Darcy James Argue: Absolutely. This show that we’re playing in Vancouver on the 26th is going to be my first professional gig in Vancouver ever. When I moved to Montreal and started at McGill as a jazz piano player that was the first time I was of age so I could go see music in clubs and it was the first time that I really had a community of musicians to play regularly with.

There was a circle of players in the high school and there were some talented players but that was a small group and when you get to a music school like McGill that attracts top talent from around the country then it’s a whole different ball game. I remember being just invigorated because people would be playing all the time.

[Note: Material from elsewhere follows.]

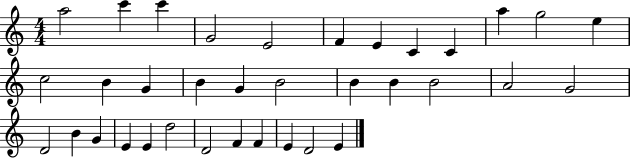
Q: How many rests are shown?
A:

It became more of a social thing and it was the focus of your social life as well as your academic life. In any spare moment getting people together and going into the common rooms and just playing tunes and trying to navigate standards, trying to figure out how to deal with rhythm and how to deal with time and all of those things. All of a sudden music went from something that was pretty solitary in high school practicing by yourself and all of a sudden it became more viable to play with people.

North Shore News: What was the experience like making Infernal Machines?

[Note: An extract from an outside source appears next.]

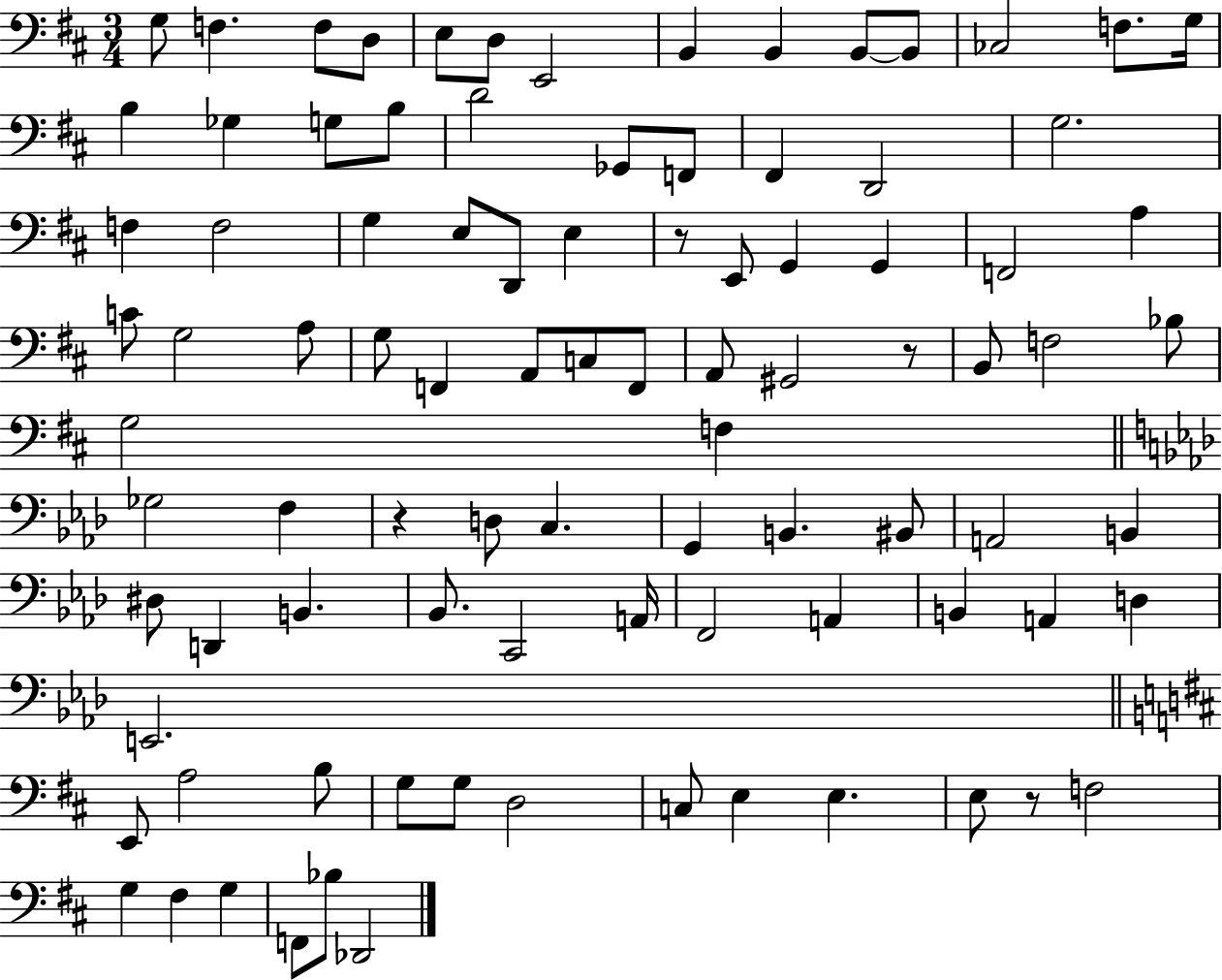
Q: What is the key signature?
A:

Darcy James Argue: That was my first album so it was incredibly challenging. I had no idea what I was doing. We went into a New jersey studio for three very long days of recording and I tried to prepare as best I could by talking to other people who had gone through that situation. I knew a little bit what to expect but nothing can fully prepare you for the demands of being in the studio with the 18 players in the band and the engineer staring at you. There’s a lot of blood and guts on the floor, figuratively, but I think that also came through in the recording.

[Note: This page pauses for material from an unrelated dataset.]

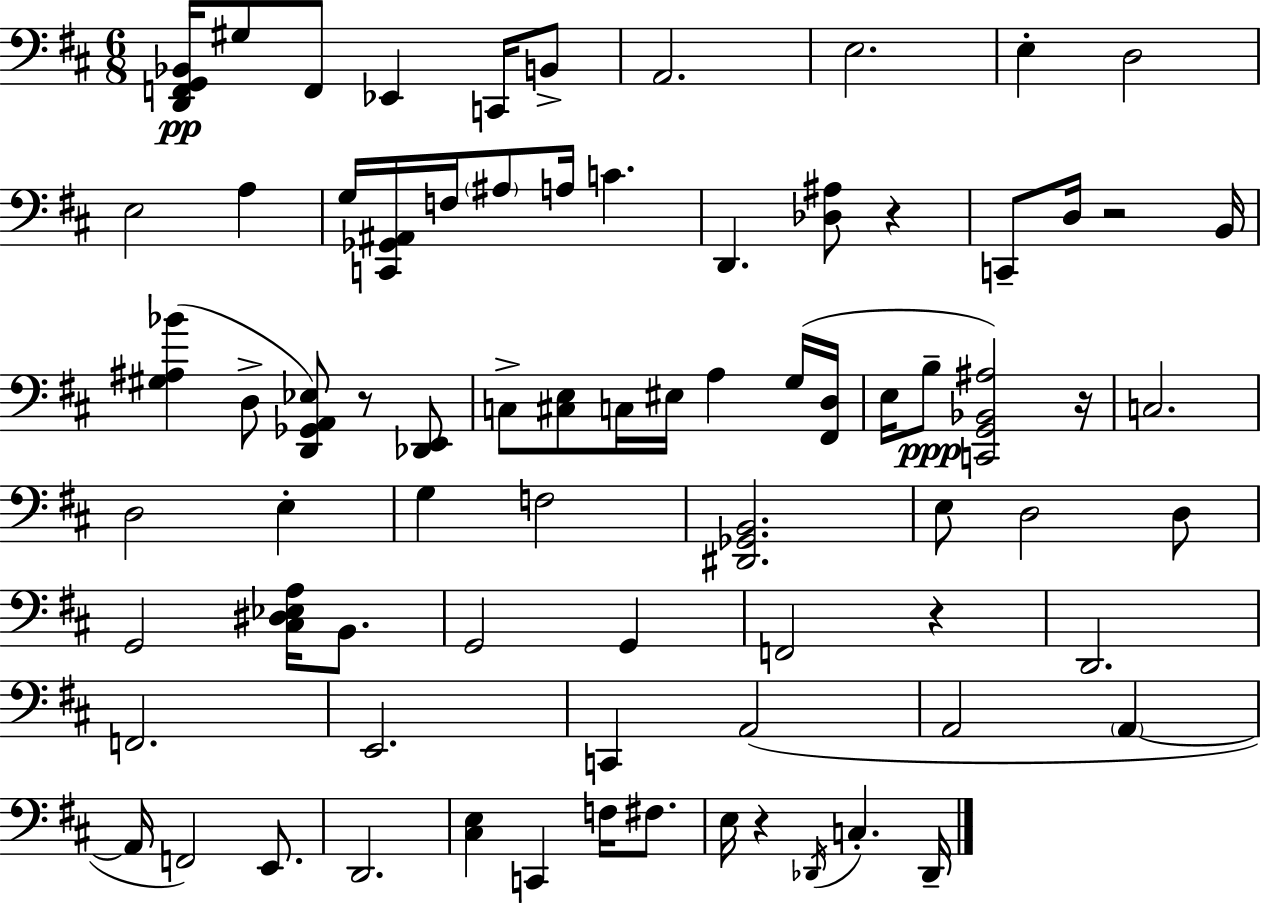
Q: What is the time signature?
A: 6/8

I knew if I was going to document the band in that way (we’d already release a lot of live recordings of the band on Internet for people to download for free) I wanted a different kind of sound. I wanted to document something that wouldn’t be possible in a live situation. There was a lot of planning that went into that sonically — how do we do that, how do we not make it sound like your average big band record? How do we get that kind of detail we are really after in this kind of studio situation?

There was a lot of banging our heads against the wall. How do we get this sound that is in our heads? How do we translate that into the recording? It was a very long and involved process but finally there was this breakthrough where we were able to find just the right balance between all the instruments and all the microphones we had in the room. When we made the music pop everything else was relatively easy once we had that breakthrough — it just took a long time to get to that point.

North Shore News: What are the logistics of travelling with an 18 piece band?

Darcy James Argue: Complicated. Everyone is coming from different place for the beginning of the tour assembling in Vancouver and then going off to different places at the end of it. In addition to the band there’s me so that’s 19 and our sound tech which is 20. We’re also bringing on the road our trumpet soloist Ingrid Jensen who has a two-month old baby girl Corinna who is also going to be joining us on the road. So that’s very exciting. She’s sort of the youngest co-conspirator we’ve ever taken with us. We’re really looking forward to inaugurating her into the jazz life.

North Shore News: The album had a huge response from a wide audience.

Darcy James Argue: You know sometimes jazz can be kind of an insular thing and I think that’s ultimately unhealthy for the art form. I don’t want it to be this music where there’s an immense amount of homework you have to do before you go to a show. My goal as an artist is to reach people. I listen to a lot of different music I listen to contemporary classical music and what’s going on in the indie rock scene and to hip hop and all that stuff permeates my way of thinking about music. I don’t like to draw distinctions or put things in various categories and build creative walls. It’s not the way I listen, it’s not the way I compose. I try to create music that rewards close attentive listening regardless of where people are coming from.